As time passed. I forgot about the interview but noticed I was now getting a lot of calls from out of the area, which concerned the selling of specific jewelry items. One fellow called and as we were chatting he was pushing fancy cut diamonds. I sort of blew him off. I told him we already have suppliers since we’ve been in business since 1947 and that we really don’t sell many diamonds over 50 pts. He kind of snorted, and we chatted some more. I explained that my husband had died and I run the store with a nephew now.
After a bit of chitchat, he asked me if I had been interviewed by that huge jewelry publication. I asked him why because, by then, I had forgotten this interview.
He said, “Let me read it to you.” He proceeded to read a bunch of quotes that we sell fancy cut diamonds, have a big market for them and our business was very good all the time, etc.” I was speechless.

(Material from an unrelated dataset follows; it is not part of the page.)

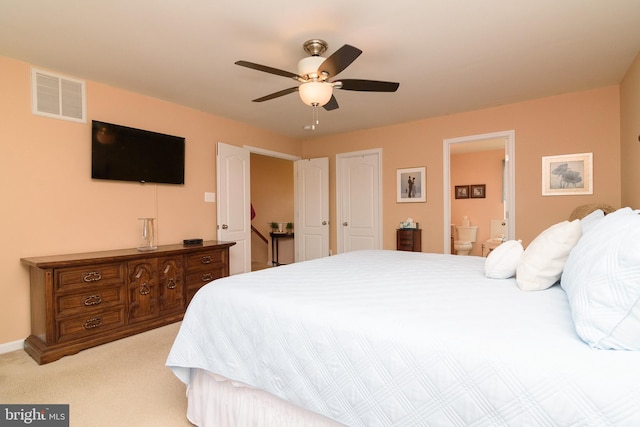 carpeted bedroom featuring ensuite bath and ceiling fan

So this is how some of the big magazines make their salaries…they interview jewelers, flatter them by the attention and then quote them in the magazine saying whatever they want them to have supposedly said. Isn’t this quaint?
The next day I got a call from a watch company and I asked him, “Did you read this in a jewelry publication?” He was stunned and said, “Yes.” So this is why all the quoting of successful people in the trade is done, I guess.
I then discovered the praise went on in print with their quotes of our accomplishments here at our little store, and up in New York people were wearing out the phones calling us for business. It was really flattering, but hardly accurate.
I told one man I might not get to the jewelry show because I had a donation jar on the counter with a sign that said, “Please donate so owner can pay for plane ticket and hotel room so she can attend jewelry show.” So far there is 35 cents in it.
I just may not go to the shows at all this year. I’ll sit back here and read how great sales are and how many diamonds and watches we’re selling. Maybe I’ll even go high tech and get on the Internet.
There obviously are no limits to what the mind can do with a little bit of imagination. These should be published in fairy tales for children under six. But then I like reading that I am selling big fancy diamonds! My ego runneth over.